This week the White House kicked off its “Investing in America tour,” during which, for three weeks, Biden, Vice President Kamala Harris, their spouses, and senior White House personnel will travel to more than 20 states to promote what they say is the Biden administration’s commitment to domestic investments and boosting the American economy’s resilience. In a memo announcing the tour, the White House said President Biden’s economic policy has, among other things, “strengthened supply chains here at home.”

However, several international companies involved in the production of battery separators for electric vehicles, a key component to the United States’ domestic battery supply chain, sent letters to the EPA informing the agency that its planned regulation on methylene chloride is forcing them to reconsider their planned U.S. investments. SK IE Technology, a South Korea-based company with plans to enter the North American market within the next few years, indicated in a letter to the EPA that they view the proposed prohibition as “a gating issue which threatens to preclude US investment.”

“The use of methylene chloride (MC) is essential to the process of producing separators necessary for the EV and clean energy agenda to succeed. Unless addressed, this Proposed Rule threatens that agenda and the ability to domestically produce key components like separators,” the company said in its letter.
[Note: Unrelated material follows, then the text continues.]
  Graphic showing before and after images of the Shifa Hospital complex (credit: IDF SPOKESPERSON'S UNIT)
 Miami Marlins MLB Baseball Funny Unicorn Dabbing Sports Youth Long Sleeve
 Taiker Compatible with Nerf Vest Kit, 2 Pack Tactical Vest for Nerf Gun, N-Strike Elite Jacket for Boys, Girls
The South Korean company also requested clarification on how the agency plans to categorize industrial versus commercial uses for methylene chloride, suggesting it adopt an alternative categorization method that would allow “safe, sustainable use of MC to produce high-quality EV battery separators in the United States.”

Polypore International, another international battery separator manufacturer, similarly requested the EPA amend the parameters of its proposed final rule. “Without reliable access to lithium battery technology, the United States has no chance of meeting the Administration’s clean energy goals,” a letter to the agency from Polypore stated. “With this in mind, we are asking the EPA to fully reconsider the proposed rule on methylene chloride and instead implement a solution that would allow existing mechanisms … to be properly modified based on appropriate and science-based exposure thresholds so that methylene chloride can continue to be used safely and responsibly in the United States of America.”
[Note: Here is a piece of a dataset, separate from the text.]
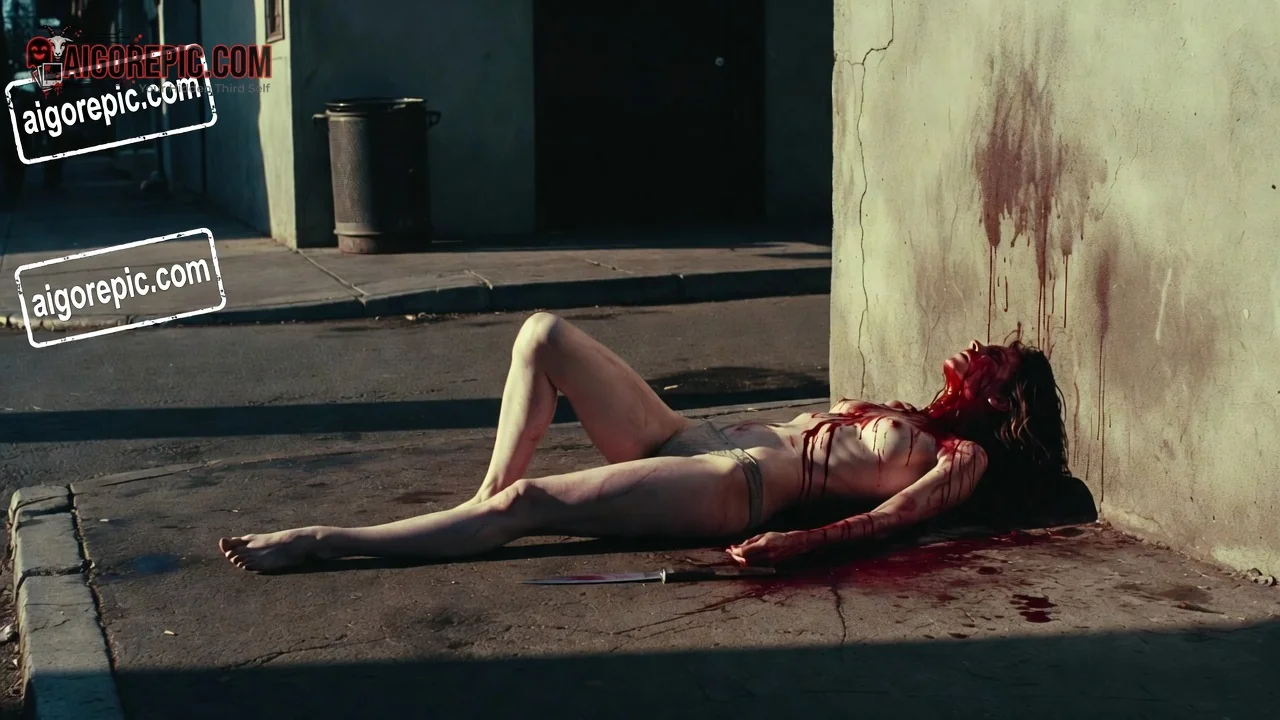 Woman in Bloody Scene - AI Generated Horror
The EPA insisted that it has worked closely with stakeholders throughout the rulemaking process. “EPA plans to finalize the risk management rule for methylene chloride in the coming weeks,” the agency told the Free Beacon. “EPA cannot say exactly what the provisions of the final rule will be at this time, although public comments will inform any changes from the proposed rule.”

Besides the proposed ban on methylene chloride, Cheng said the upcoming presidential election and loopholes being utilized by China, designated a foreign entity of concern by the U.S., are also factors that W-SCOPE is keeping an eye on to determine whether to follow through with their previously planned U.S. investments. “We need to see more clear guidelines on if the US regulators are willing to completely shut off their components, suppliers from China, and are they willing to close loopholes,” Cheng told the Free Beacon. “That’s our second biggest concern at this point.”